The world of healthcare and insurance can be complicated for patients to navigate. And now, even the simplest of copays is causing confusion among a growing number of consumers.
The Action News Troubleshooters are trying to clarify some copay confusion.
More and more patients are getting charged a copay for an exam they think is free.
Andie Blizzard of Gloucester Township, New Jersey says for her annual GYN exam, there's usually no copay.
"Go in there, have your annual once a year, no copay," Andie said.
That is pretty standard.
But Andie received a bill for a $50 copay after her annual women's wellness exam in January.
"And I was totally blown away by that and confused," Andie said.
Andie's sister-in-law, Sharon Blizzard, has different insurance and went to a different doctor, but was billed $40 for her yearly wellness exam.
Sharon Blizzard says they billed her for a sick visit.
Their doctor's offices did give them an explanation.
"It's because you asked a question," Sharon said.
Yes, both women were charged a copay for asking a question outside of the realm of their wellness visit.
"I went, 'What? You're kidding me, right?'" Sharon said.
This was no joke. And it's happening to many patients.
Andie took to Facebook and was surprised by how many friends shared similar experiences with other doctors and insurance companies, some complaining about their children's pediatrician.
"That they are going for a wellness exam and being charged, it adds up, $50 here, $50 there, $50 here, and the bottom line is I'm paying a lot of money for my premium," Andie said.
No matter your doctor, no matter your insurance company, whether private or through the Affordable Care Act, this could happen to you.
"If you go into a more detailed conversation about a specific problem that may move the visit from more of a preventive one to a medical office visit," Dr. Raffi Terzian of HealthAdvocate said.
Andie and Sharon Blizzard were charged by two different Advocare clinics.
The company does have patients sign a form before wellness exams saying, "if an abnormality is encountered or a pre-existing problem is addressed...an additional office visit procedure will also be reported to your insurance carrier... you may be responsible for an additional copayment or deductible... we must conform to the realities of medical in today's environment. If we do not conform, we could be cited negatively by our insurers."
"I just don't think it's right," Sharon said.
"Or the doctor needs to be honest enough to stop you during the consultation and say you're stepping out of the realm," Andie said.
These women admit they didn't pay close attention to the form they signed, but also say they asked questions that took only seconds to answer and required no further testing, evaluation, or follow-up by their primary doctors.
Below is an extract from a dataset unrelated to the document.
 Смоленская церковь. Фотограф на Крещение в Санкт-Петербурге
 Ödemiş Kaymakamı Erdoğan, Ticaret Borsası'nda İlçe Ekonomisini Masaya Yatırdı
"And now if you're going to start charging us in the back door, I have a problem with that," Andie said.
Andie Blizzard is concerned about the long-term health consequences she believes this could have on patients.
"If they think this may happen to them, they're not going to go to the doctor now and the whole point of this is to get women going and taking care of themselves," Andie said.
So what can you do?
"One of the things you can do is you can certainly contact your insurance company to understand how the bill was submitted," Dr. Terzian said.
But because different doctors and different clinics code very differently, it's also important you do call your doctor's office in advance of your wellness visit.
Sharon Blizzard says she'll still see her doctor, but will not just ask questions like before.
"Before I ask a question, I'm going to ask if I'm going to be charged for it," Sharon said.
It may not save you money, but at least it could save you from a surprise.
Also make sure you read any contracts or agreements you sign.
Advocare tells Action News its doctors don't think about coding, but simply how to provide the highest quality of care to its patients. It also says it will reevaluate the copays that Andie and Sharon were charged.